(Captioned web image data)
= = =

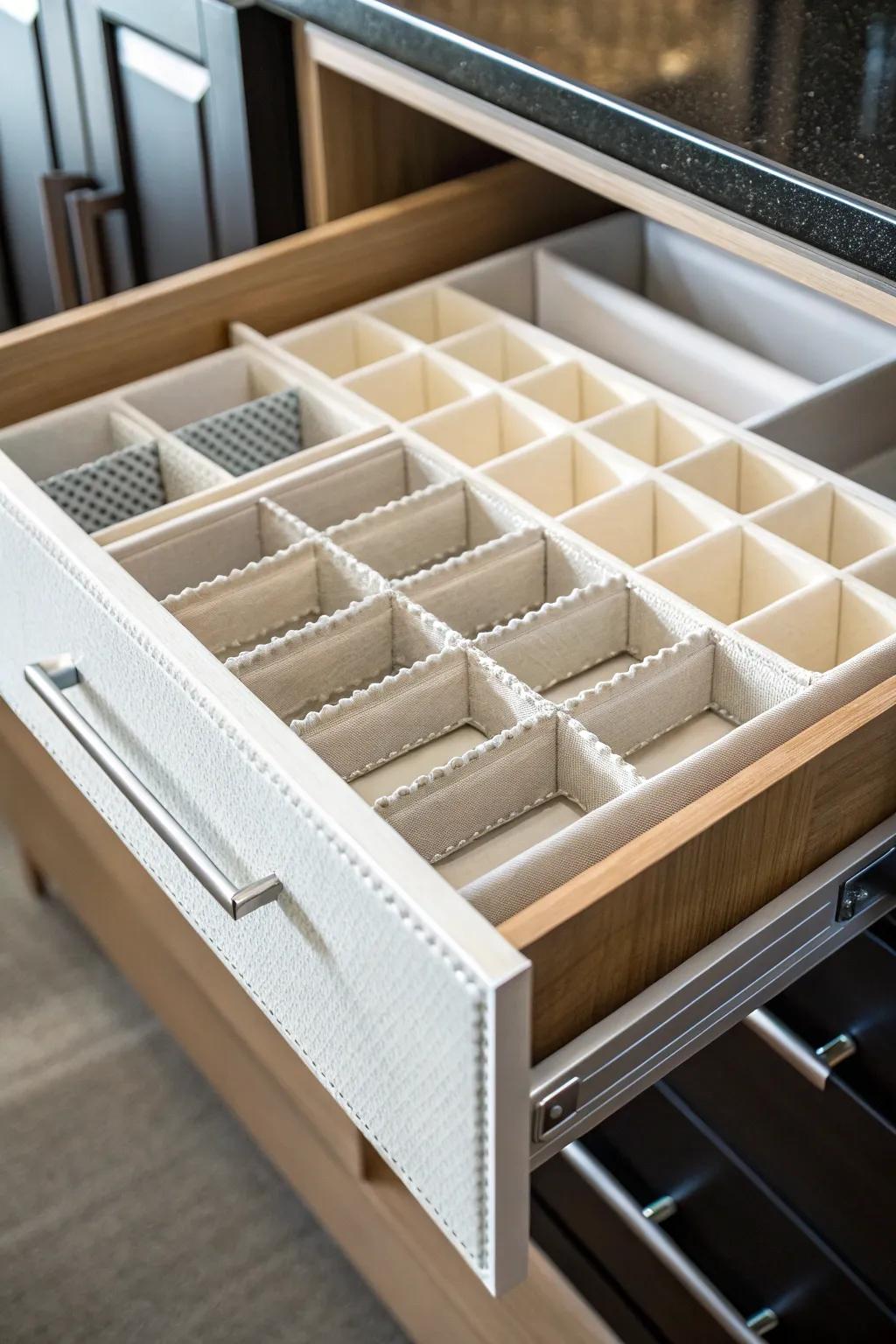 Adjustable dividers for versatile organization.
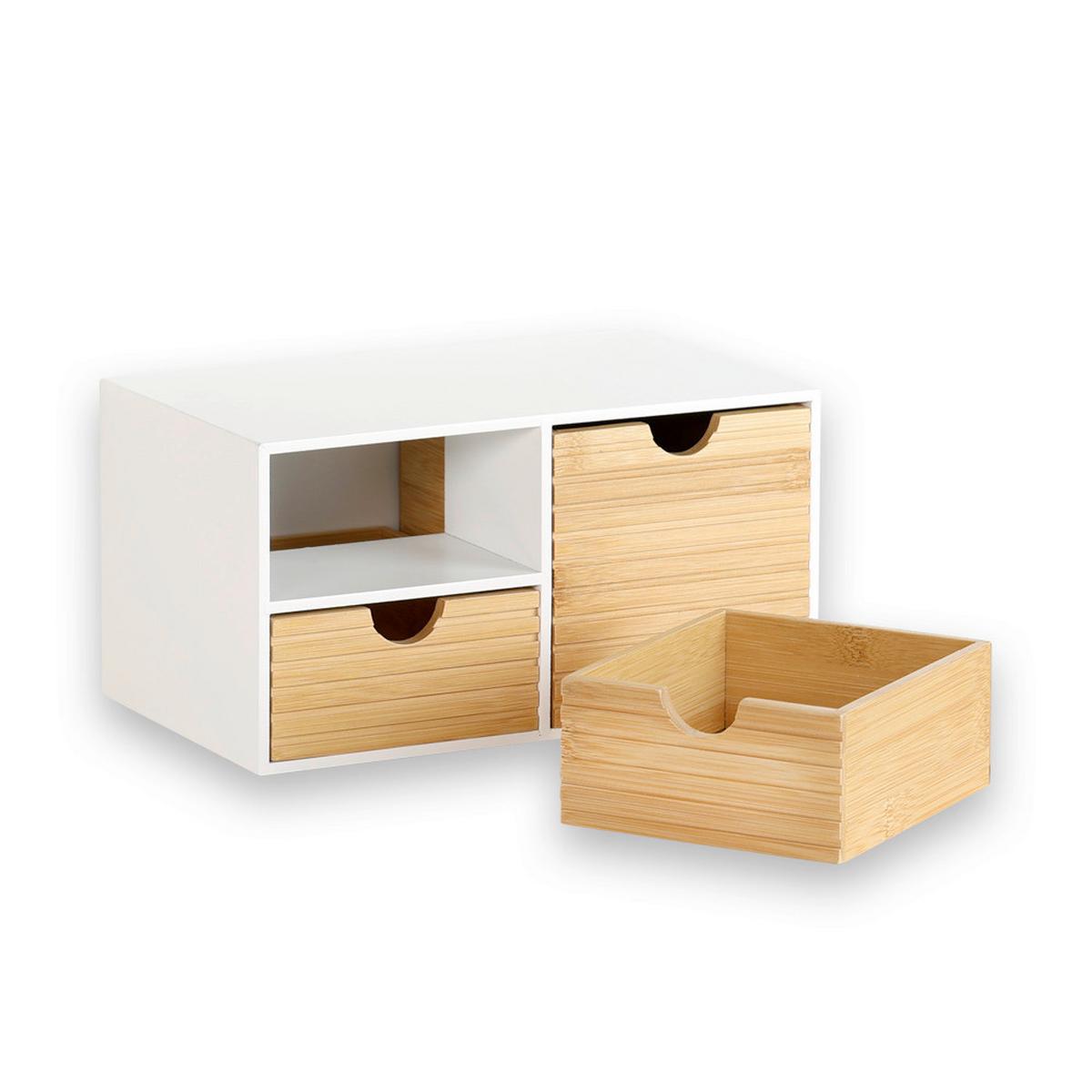 TISCHORGANIZER Bambus, Weiß/Naturfarben - Naturfarben/Weiß, Basics, Naturmaterialien/Holzwerkstoff (27/16/14cm) - Kesper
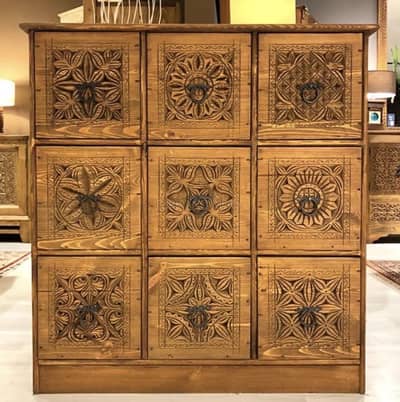 Authentic Hand-Carved Swati Wooden Cabinet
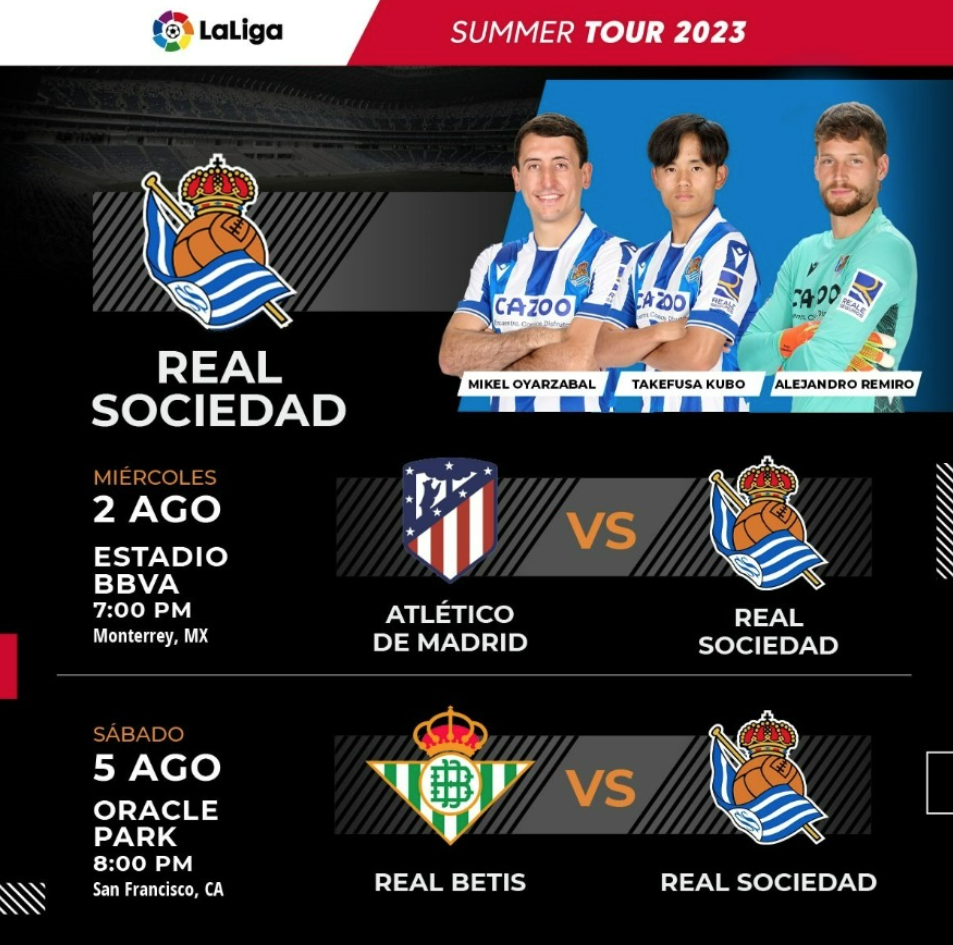 Gira veraniega de la Real Sociedad Se enfrentará al Atlético y al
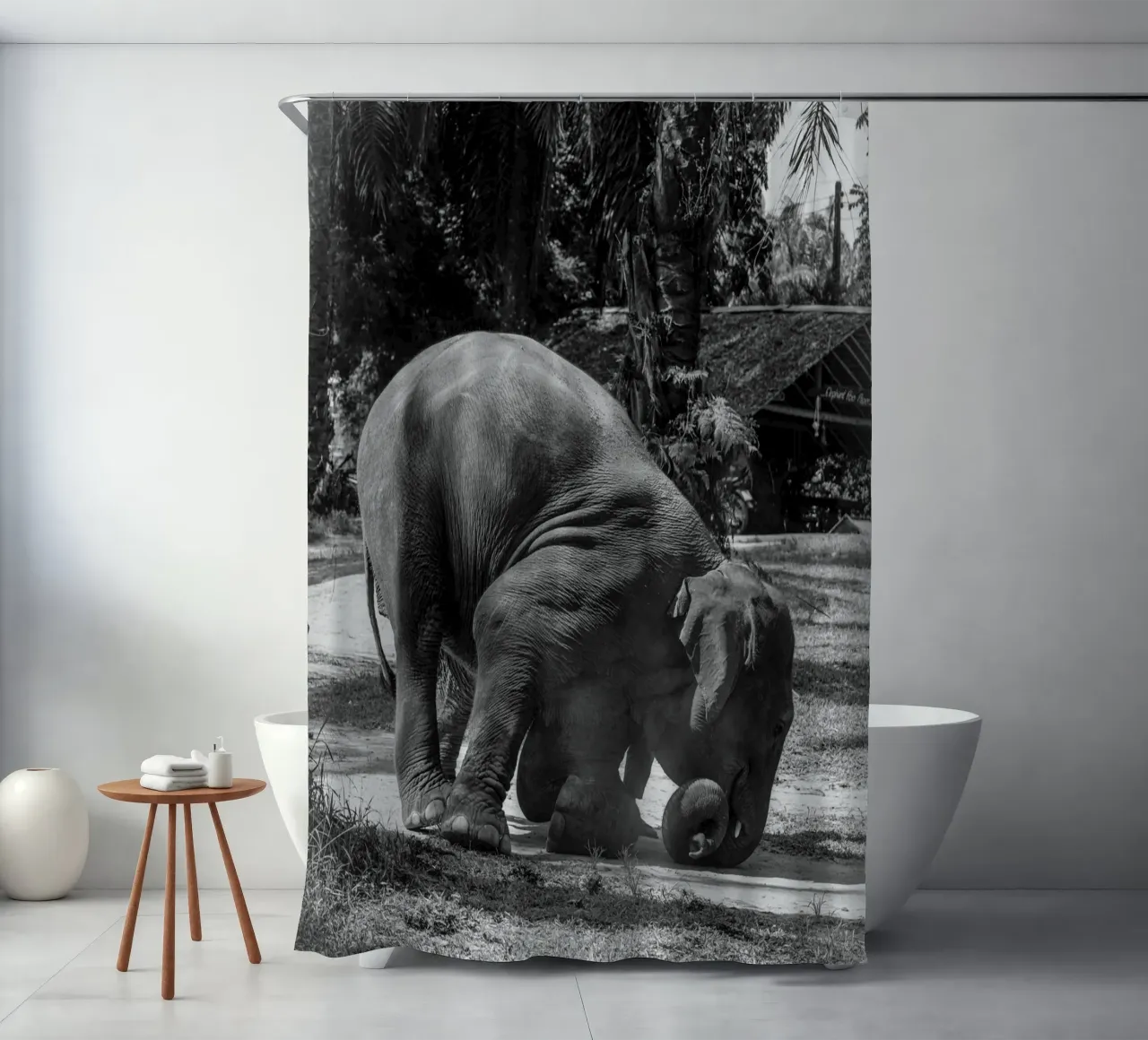 Elephant shower curtain by G.W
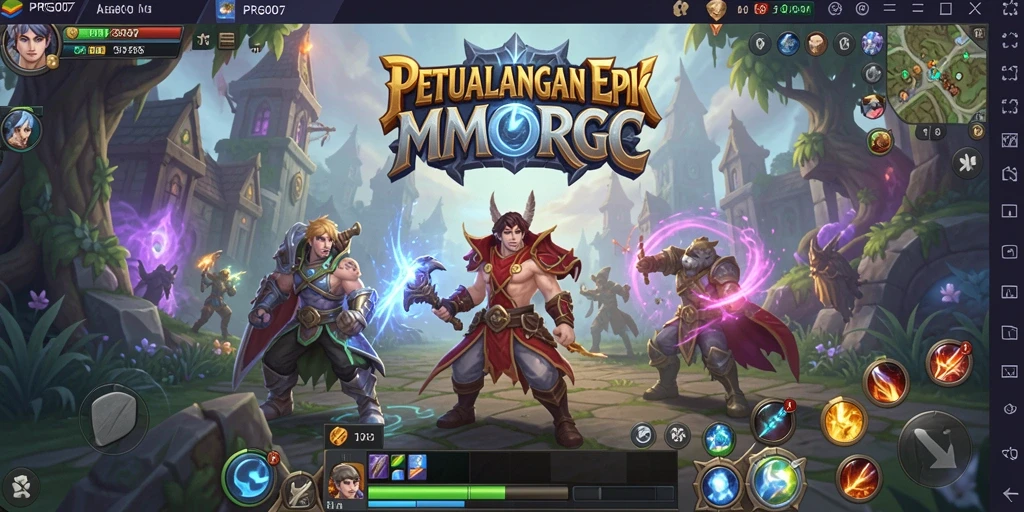 Tangkapan layar gameplay PRG007 yang memukau dalam dunia MMORPG.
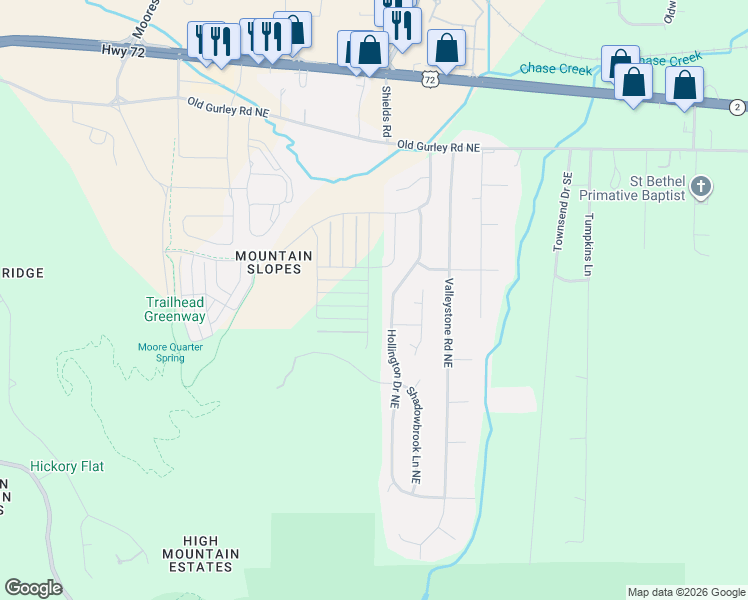 map of restaurants, bars, coffee shops, grocery stores, and more near 130 Hollington Drive Northeast in Huntsville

= = =

EXERCISE >> Please copy only the lines from the one that contains "TISCHORGANIZER Bambus, Weiß/Naturfarben" through the last line of the records, exactly, and keep every picture out of the copy.

ANSWER TO THE EXERCISE >>
 TISCHORGANIZER Bambus, Weiß/Naturfarben - Naturfarben/Weiß, Basics, Naturmaterialien/Holzwerkstoff (27/16/14cm) - Kesper
 Authentic Hand-Carved Swati Wooden Cabinet
 Gira veraniega de la Real Sociedad Se enfrentará al Atlético y al
 Elephant shower curtain by G.W
 Tangkapan layar gameplay PRG007 yang memukau dalam dunia MMORPG.
 map of restaurants, bars, coffee shops, grocery stores, and more near 130 Hollington Drive Northeast in Huntsville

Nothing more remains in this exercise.